MEMORANDUM AND ORDER ON LYONS’ REQUEST FOR RECONSIDERATION IN PART OF MAY 3199 ORDER ON MOTION OF GANZ FOR RECOVERY OF ATTORNEY’S FEES WEST AND EXPENSES
URBOM, Senior District Judge.In my memorandum and order on motion of Ganz for recovery of attorney’s fees and expenses, dated October 8, 1996, I said that Lyons’ argument that Texas Civil Practice & Remedies Code, § 38.001, et seq. does not provide that attorney’s fees are recoverable from a limited partnership was not well taken. I think now that that holding was hasty and ill-considered. I shall reverse that holding for two reasons: First, the cases I cited are not authority for the proposition. Second, an analysis of the statute leads to the opposite conclusion from that made in my October 8,1996, memorandum.
ATTORNEY’S FEES
Effect of Prior Cases Awarding Attorney’s Fees Against Limited Partnerships
In Federal Deposit Insurance Corp. v. Enventure V, 868 F.Supp. 870 (S.D.Tex.1994), reversed on other grounds, 77 F.3d 123 (5th Cir.1996), Enventure V was a limited partnership under the Texas Uniform Limited Partnership Act. With respect to the award of attorney’s fees the magistrate judge said at page 877:
*174“Moreover, as the prevailing party, the FDIC is entitled to recover attorney’s fees under TEX. CIV. PRAC. & REM. CODE § 38.001 (Vernon 1992), as well as under the terms of the instruments upon which it sues. After considering the nature of the case, the quality of the representation, and the affidavit of Leonard Sparks III, the court has determined that a reasonable attorney’s fee is $12,000.00. See Johnson v. Georgia Highway Express, Inc., 488 F.2d 714, 717-18 (5th Cir.1974).”

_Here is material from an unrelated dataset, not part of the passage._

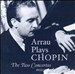 Arrau Plays Chopin: The Two Concertos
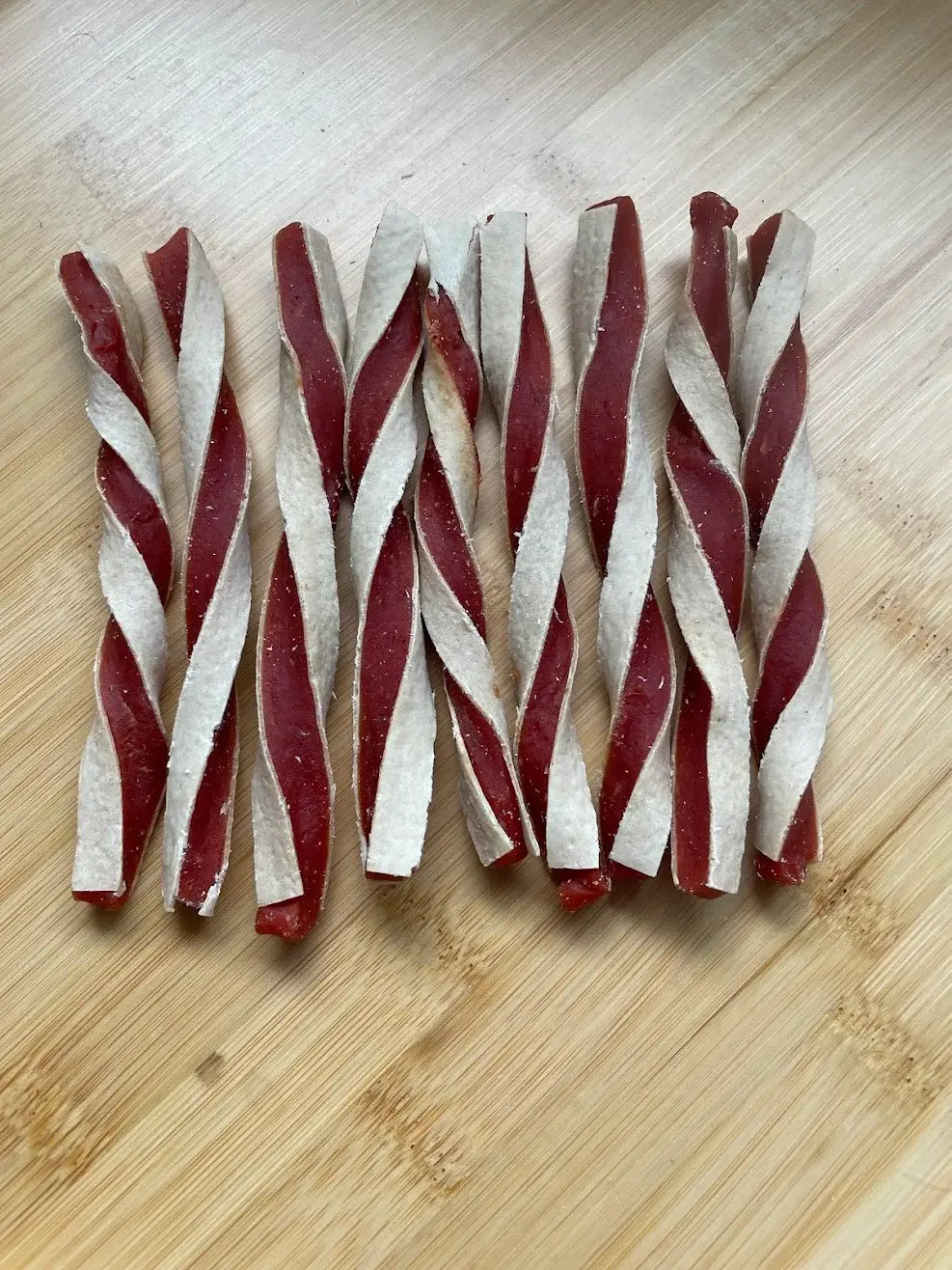 Lam & Kabeljauw Twists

There is no other discussion of any issue regarding attorney’s fees. Hence, whether § 38.001 permitted allowance of an attorney’s fee against a limited partnership was not discussed or resolved. Furthermore, there was no need to rely upon the statute, because the court said an attorney’s fee was recoverable “under the terms of the instruments upon which [the plaintiff] sues.”
In Carlyle Real Estate Limited Partnership-X v. Leibman d/b/a Rebel Liquor Store, 782 S.W.2d 230 (Tex.App.—Houston 1989), the only objection to a fee allowance mentioned was that there was no evidence that the fees sought were reasonable and necessary. The entire discussion on the issue is as follows:
“In its fourth point of error, the appellant complains that the trial court erred in awarding attorney’s fees in connection with a turnover proceeding, claiming that there was no evidence presented showing that such fees were reasonable and necessary.
The turnover statute specifically provides for an award of attorney’s fees. Tex. Civ. Prac. & Rem.Code Ann. sec. 31.002(e) (Vernon 1986). In his application for post-judgment injunctive or turnover relief, the appellee requested reasonable attorney’s fees in the amount of $5,000. Further, the attorney’s fees were attested to by an affidavit attached to the appellee’s response to motion for clarification and cross-motion for further post-judgment relief. This sworn affidavit by the appellee’s attorney sets forth the reasonable and necessary expenses for the application for turnover relief, as well as additional expenses in the event the turnover application is appealed. There was no testimony at the hearing itself concerning attorney’s fees.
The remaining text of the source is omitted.